Wrong attention implementation?
In the restormer.py We can see attention is implemented as below:
qkv = self.qkv_dwconv(self.qkv(x))
q,k,v = qkv.chunk(3, dim=1)
q = rearrange(q, 'b (head c) h w -> b head c (h w)', head=self.num_heads)
k = rearrange(k, 'b (head c) h w -> b head c (h w)', head=self.num_heads)
v = rearrange(v, 'b (head c) h w -> b head c (h w)', head=self.num_heads)
q = torch.nn.functional.normalize(q, dim=-1)
k = torch.nn.functional.normalize(k, dim=-1) * self.temperature
attn = (q @ k.transpose(-2, -1))
attn = attn.softmax(dim=-1)
out = (attn @ v)
out = rearrange(out, 'b head c (h w) -> b (head c) h w', head=self.num_heads, h=h, w=w)
out = self.project_out(out)
We can see q,k,v have (b, c, h, w) at first and then we split the channels(dims) into num_heads Which means definitely the c in "b (head c) h w" is the "head dim" for attention
BUT, why we use "b head c (h w)" which put "sequence" at the end and and doing normal attention on it?
I think this is wrong (you want "b head (h w) c") and can explain why some ppl meet problems when training with different size images.
这是来自QQ邮箱的假期自动回复邮件。你好,我最近正在休假中,无法亲自回复你的邮件。我将在假期结束后,尽快给你回复。
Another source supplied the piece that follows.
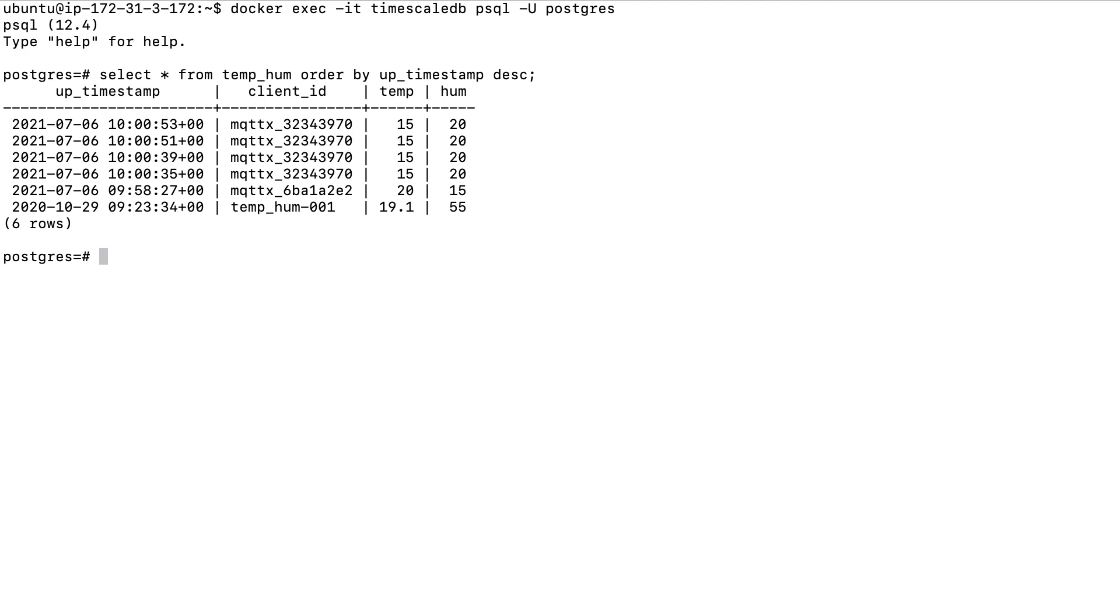Based on what we see in the terminal, now we successfully sent data to Timescale Cloud using EMQX Cloud rule engine.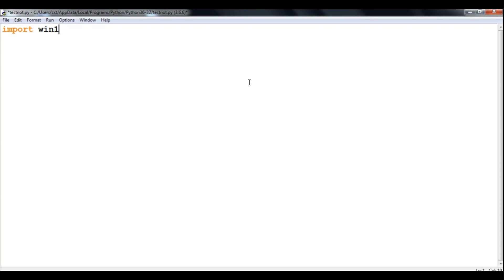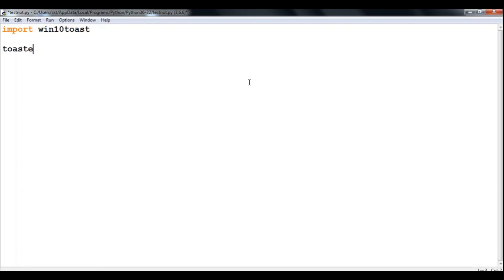Now we have to make a toast notifier object. For that, say toaster equals Wintentoost dot ToastNotifier.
so we need change code to this?
def forward(self, x):
b, c, h, w = x.shape
qkv = self.qkv_dwconv(self.qkv(x))
q, k, v = qkv.chunk(3, dim=1)
q = rearrange(q, 'b (head c) h w -> b head (h w) c', head=self.num_heads)
k = rearrange(k, 'b (head c) h w -> b head (h w) c', head=self.num_heads)
v = rearrange(v, 'b (head c) h w -> b head (h w) c', head=self.num_heads)
q = torch.nn.functional.normalize(q, dim=-1)
k = torch.nn.functional.normalize(k, dim=-1)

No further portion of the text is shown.